Tamito KAJIYAMA <kajiyama@grad.sccs.chukyo-u.ac.jp> writes:

> Japanese characters that will be changed their corresponding
> code points in Unicode are the following 7 characters.
> (Although only Shift_JIS code points are shown below, EUC-JP and
> ISO-2022-JP codecs will also be changed.)
> 
> 1. Shift_JIS 0x81ca
>    japanese.sjis  -> U+00ac (NOT SIGN)
>    japanese.ms932 -> U+ffe2 (FULLWIDTH NOT SIGN)

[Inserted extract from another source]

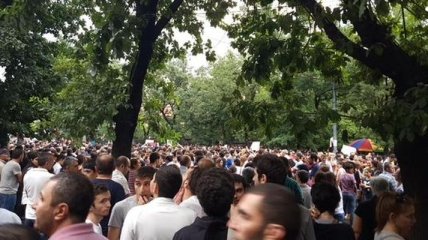 Митингующие в Ереване прогнали журналистов российского канала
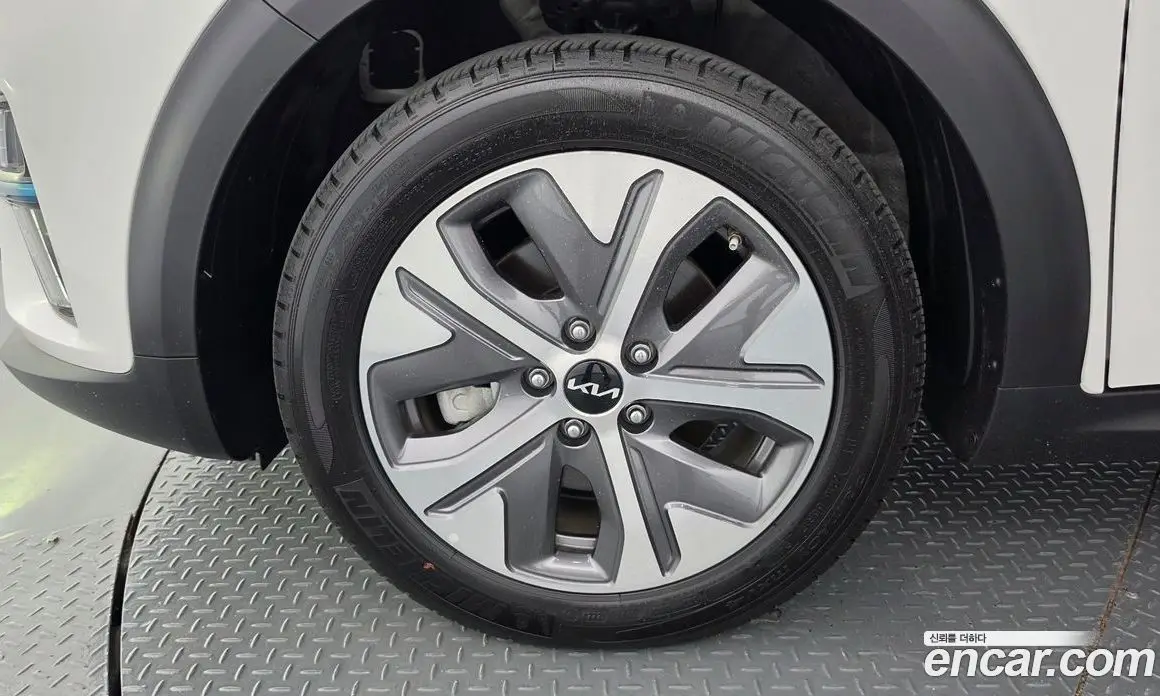 Kia Niro 2021 0.2 автомат (гидро), фото 5 Kia Niro 2021 0.2 автомат (гидро), фото 5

Can you please elaborate on the rationale for picking the Microsoft
mapping over the Consortium's mapping? It appears that, if only a
single form is available SJIS, that Microsoft picks the FULLWIDTH
form, whereas the Consortium picks the default form.

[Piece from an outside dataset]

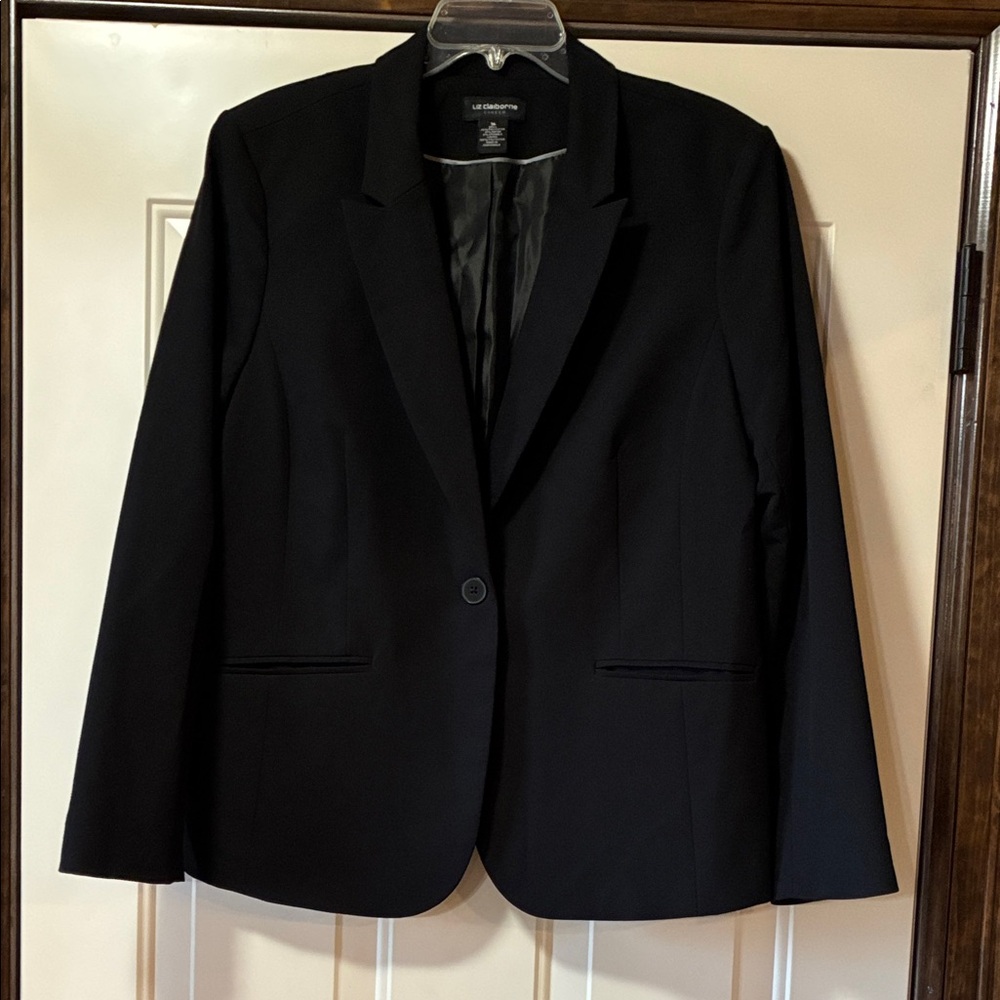 Size 16 Liz Claiborne Tailored Black Blazer with Single Button Front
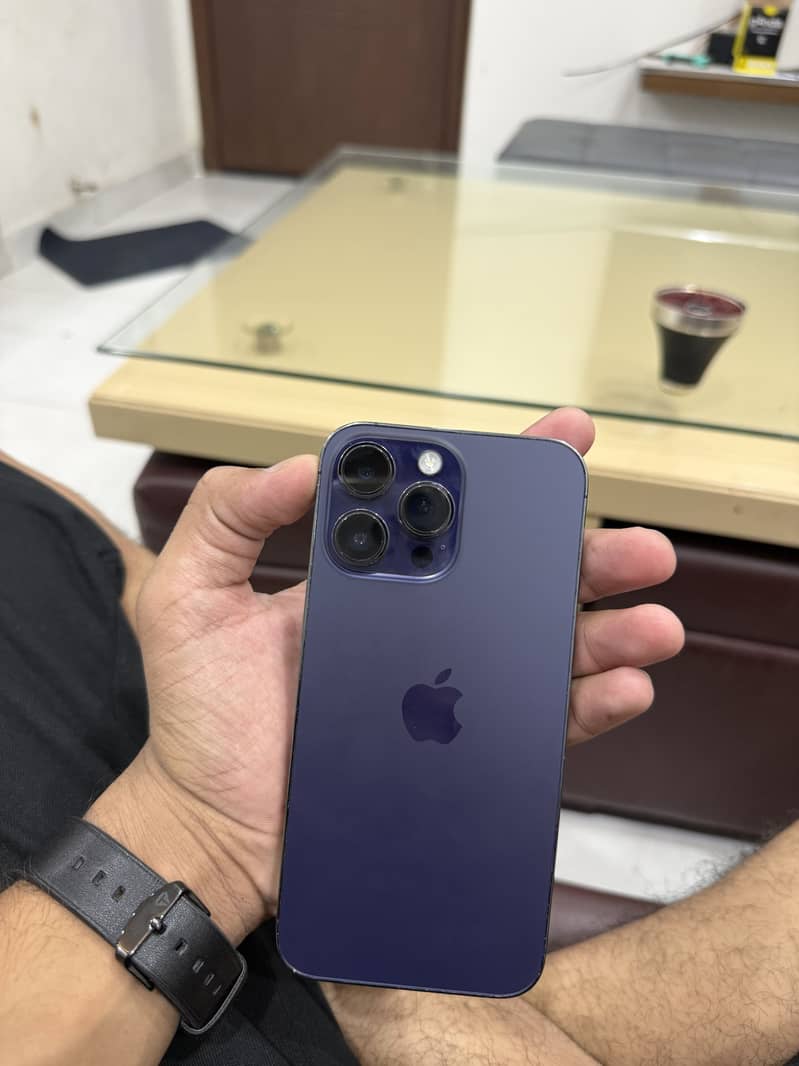 Apple iPhone 14 Pro Max 1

Methinks that the consortium does the right thing, here: It *should*
be a matter of fonts or presentation how a NOT SIGN is displayed. If
SJIS gives users a choice to pick either the default form or the
full-width form, it is clear that the Unicode mapping should support
that choice. If SJIS users have no choice (as in 0x81ca), the SJIS
character should IMO be considered the default version - despite the
fact that SJIS-based fonts would usually display it in a double-wide
fashion.

I also fail to see the need to align those encodings, at all. Why is
it necessary that SJIS -> Unicode -> MS932 works for all SJIS texts?

You might consider supporting "transliteration", either by default, or
by means of a sjis//translit (and ms932//translit) encoding: If people
use this encoding, you still have the Shift_JIS->Unicode mapping as
above, but you would *also* map U+ffe2 to 0x81ca in sjis, and U+00ac
to 0x81ca in Shift_JIS. That may solve the problems people have with
the status-quo, while preserving backwards compatibility (and also
compatibility with, say, Linux glibc codecs - which use the
Consortium's database).

HTH,
Martin